I. Tzvetanov, L. Bejarano-Pineda, S. Setty, A. Harbhajanka, A. Khan, H. Jeon, R. Garcia-Roca, J. Oberholzer, E. Benedetti

Department of Surgery, University of Illinois Hospital &
Health Sciences System, Chicago, IL
Department of Pathology, Illinois Hospital &
Health Sciences System, Chicago, IL

Meeting: 2013 American Transplant Congress

Abstract number: C1233

Purpose: To evaluate the association of plasma cell population (PCs) in splenic histology of ABO incompatible (ABO-i) kidney transplant recipients and one year graft and patient survival.

Methods: We reviewed the clinical data and cellular population in the spleen of 29 recipients with an ABO-i kidney transplantation who underwent pre-emptive splenectomy from 2005 to 2011. The splenic histology was analyzed by immunohistochemistry. For comparison, we distributed the recipients into two groups according to the total PCs population obtained from the spleen. The cutoff point criteria for the two groups was that of being greater and below 2% for the PCs population.

Results: Eighteen recipients constituted the group of PCs population greater than 2%, as compared with eleven recipients in the group with a lower population. Within the first year after transplantation, three (16.7%) recipients presented graft loss and three (16.7%) recipients died in the group with the higher presence of PCs, as compared with no recipients with graft loss and who died in the group with the lower PCs population. Initial isoagglutinin titers higher than 1:32 prior to desensitization therapy were present in two (67%) recipients who experienced graft loss and in three (100%) deceased recipients [Table 1].

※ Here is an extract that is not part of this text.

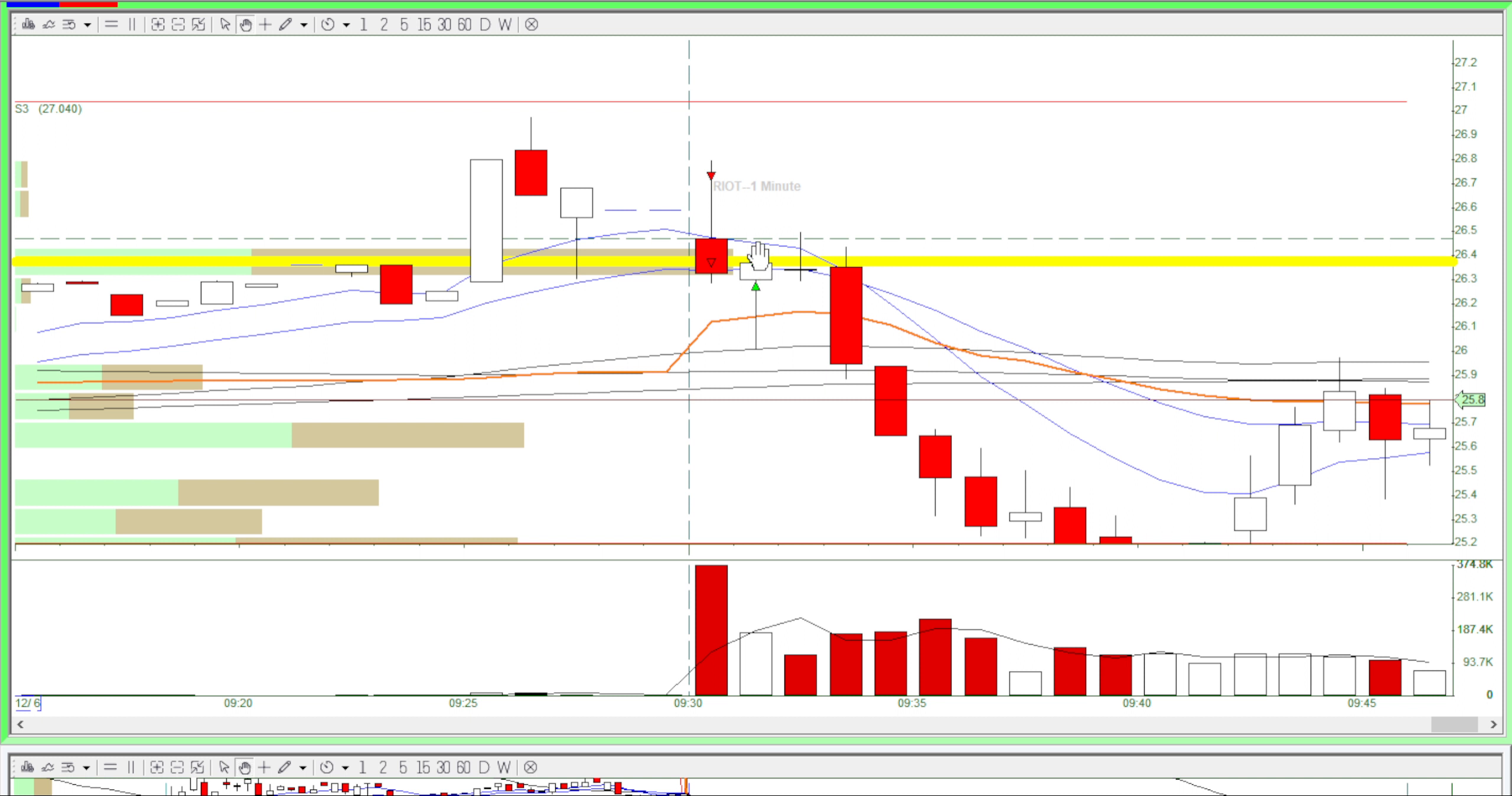So then it came down. I took two partials here and then I tested the VWAP and then it bounced back from the VWAP. So I thought that the stock was going to do a reversal so I just quickly got out here.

Conclusions: ABO-i kidney transplant recipients with PCs population lower than 2% and initial isoagglutinin titers less than 1:32 had a higher probability of successful graft function and survival within one-year post-transplant. We did not find an association between the amount of desensitization therapy needed to decrease isoagglutinin titers and that of recipient outcomes.

Table 1. Demographic data
Risk factors PCs > 2% group PCs < 2% group
Recipients, n 18 11
Prior transplantation, n (%) 2 (11) 0 (0)
Prior transfusion, n (%) 1 (5.6) 0 (0)
Pregnancy, n (%) 6/9 (66.7) 3/4 (75)
Pre-plasmapheresis issoagglutinins titers > 1:32, n (%) 17 (94.4) 8 (72.7)
Total PCs %, mean (SD) 5 (3.8) 1(0.52)
Outcome at one-year post-transplant    
ACR n (%) 5 (27.7) 3 (27.3)
AMR, n (%) 2 (11.1) 3 (27.3)
Graft loss, n (%) 3 (16.7) 0 (0)
Recipients deceased, n (%) 3 (16.7) 0 (0)
PC, Plasma Cell; ACR, Acute Celular Rejection; AMR, Antibody Mediated Rejection.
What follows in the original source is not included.